You’re probably familiar with the FSSAI, or the Food Safety and Standards Authority of India. It’s a government body that regulates food safety in the country, and if you’re starting a food business in India, you need an FSSAI licence. Depending on your turnover rate, you apply for a specific kind of licence (basic, state, or central). Training programs are conducted for more informal food industries, as in the case of street vendors, since public health and safety is often a concern there.

In order to obtain an FSSAI licence you need to ensure that you have a good FSMS in place. Even if you’ve obtained ISO 22000 certification, you still need to provide FSMS documentation for your FSSAI licence. The FSSAI documentation ensures you have a good FSMS system in place through a self-inspection checklist and a sample FSMS plan. Depending on the specific food industry you operate in, you’ll be answering questions related to hazards, control measures and critical limits, monitoring hazards and corrective actions, and record-keeping as part of your FSMS sample plan.
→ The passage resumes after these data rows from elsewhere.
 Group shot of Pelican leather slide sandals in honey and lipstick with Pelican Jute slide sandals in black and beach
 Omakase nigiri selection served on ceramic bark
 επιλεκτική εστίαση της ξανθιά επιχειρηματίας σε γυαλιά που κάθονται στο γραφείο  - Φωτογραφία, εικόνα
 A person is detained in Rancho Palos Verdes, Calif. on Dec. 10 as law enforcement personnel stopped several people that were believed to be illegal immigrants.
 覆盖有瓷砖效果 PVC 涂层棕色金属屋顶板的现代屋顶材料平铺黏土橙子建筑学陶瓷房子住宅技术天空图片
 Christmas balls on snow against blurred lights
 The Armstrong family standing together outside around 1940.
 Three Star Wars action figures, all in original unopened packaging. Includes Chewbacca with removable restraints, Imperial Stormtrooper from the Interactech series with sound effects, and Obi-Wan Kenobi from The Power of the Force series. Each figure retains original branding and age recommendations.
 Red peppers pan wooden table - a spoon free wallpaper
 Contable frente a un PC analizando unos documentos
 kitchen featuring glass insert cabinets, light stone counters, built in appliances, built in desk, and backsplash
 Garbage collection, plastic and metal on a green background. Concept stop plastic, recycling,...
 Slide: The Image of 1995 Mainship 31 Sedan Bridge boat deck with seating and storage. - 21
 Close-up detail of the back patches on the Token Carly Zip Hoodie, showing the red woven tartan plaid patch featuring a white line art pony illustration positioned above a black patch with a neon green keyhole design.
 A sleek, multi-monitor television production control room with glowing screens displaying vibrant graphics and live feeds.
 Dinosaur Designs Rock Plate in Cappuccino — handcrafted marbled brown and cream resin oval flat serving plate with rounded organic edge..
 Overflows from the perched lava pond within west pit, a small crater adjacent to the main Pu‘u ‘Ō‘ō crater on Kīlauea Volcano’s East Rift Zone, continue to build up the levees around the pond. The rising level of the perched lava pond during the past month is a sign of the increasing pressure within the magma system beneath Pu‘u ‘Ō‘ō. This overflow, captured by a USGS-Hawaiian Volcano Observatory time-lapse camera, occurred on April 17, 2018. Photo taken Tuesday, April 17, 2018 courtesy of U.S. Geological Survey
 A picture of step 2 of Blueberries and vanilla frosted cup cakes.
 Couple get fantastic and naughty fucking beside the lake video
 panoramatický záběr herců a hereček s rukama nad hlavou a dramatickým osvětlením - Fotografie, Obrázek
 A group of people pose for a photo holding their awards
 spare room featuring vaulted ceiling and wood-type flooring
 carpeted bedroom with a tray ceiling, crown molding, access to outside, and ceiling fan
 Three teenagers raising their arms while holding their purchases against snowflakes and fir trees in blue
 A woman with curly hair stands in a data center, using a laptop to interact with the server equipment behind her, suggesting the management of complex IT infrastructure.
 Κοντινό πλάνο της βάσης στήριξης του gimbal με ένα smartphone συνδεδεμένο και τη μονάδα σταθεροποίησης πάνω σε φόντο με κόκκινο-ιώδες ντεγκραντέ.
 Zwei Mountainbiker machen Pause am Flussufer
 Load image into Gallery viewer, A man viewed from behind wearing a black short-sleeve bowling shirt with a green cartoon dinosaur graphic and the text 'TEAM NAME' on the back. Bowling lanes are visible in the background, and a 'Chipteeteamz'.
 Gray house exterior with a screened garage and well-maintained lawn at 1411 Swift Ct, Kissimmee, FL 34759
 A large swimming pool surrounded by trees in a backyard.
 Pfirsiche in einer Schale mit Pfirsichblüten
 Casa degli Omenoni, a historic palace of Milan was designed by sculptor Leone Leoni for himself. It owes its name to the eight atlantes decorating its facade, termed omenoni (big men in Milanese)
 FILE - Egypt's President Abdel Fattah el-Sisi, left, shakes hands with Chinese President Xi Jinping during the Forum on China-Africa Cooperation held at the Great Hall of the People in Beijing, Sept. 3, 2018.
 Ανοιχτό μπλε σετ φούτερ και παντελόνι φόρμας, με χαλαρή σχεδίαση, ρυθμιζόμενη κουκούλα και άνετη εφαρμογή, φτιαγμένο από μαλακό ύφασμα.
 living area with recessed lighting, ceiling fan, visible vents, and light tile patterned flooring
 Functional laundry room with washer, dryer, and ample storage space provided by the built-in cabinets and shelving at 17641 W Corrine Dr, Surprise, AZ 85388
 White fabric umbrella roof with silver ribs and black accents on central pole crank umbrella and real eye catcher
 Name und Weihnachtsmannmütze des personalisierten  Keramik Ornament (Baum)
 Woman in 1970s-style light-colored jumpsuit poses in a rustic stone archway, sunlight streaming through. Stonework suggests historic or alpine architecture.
You’ll also have to review factors like your location, equipment, storage systems, personal hygiene, water supply, and pest control system. Additionally, you’ll have to input details about your transport of food, cleanliness and general maintenance, your organisation’s operation system, product information and customer awareness, and employee training. Once you’ve filled in this documentation and submitted it, and you pass the approval process, you’ll be able to qualify for an FSSAI licence.

Unlike ISO 22000 and HACCP, the FSSAI licence is compulsory for any food business operating in India. It’s also a simpler and cheaper process to obtain the licence, as opposed to international certifications, so small businesses shouldn’t shy away from it. 

Why you need a good FSMS

Having a good FSMS that is constantly evaluated and reevaluated to keep up with changes in your business is just common sense, really. It keeps your organisation in the clear legally, and keeps your employees and customers safe. Nowadays people have a dizzying variety of cuisines to choose from, so whether you’re a food supplier or you’re running a small restaurant, you need to meet certain professional standards so that you can succeed as a business. 

From the perspective of a customer, any organisation that doesn’t adhere to FSSAI standards can be reported via their grievances platform. To some extent, public vigilance and awareness is a good way to promote food safety, as is encouraging local businesses in informal food sectors to comply with licencing procedures. If every business implemented a strong, well-planned, and dynamic Food Safety Management System, we’d all be much safer.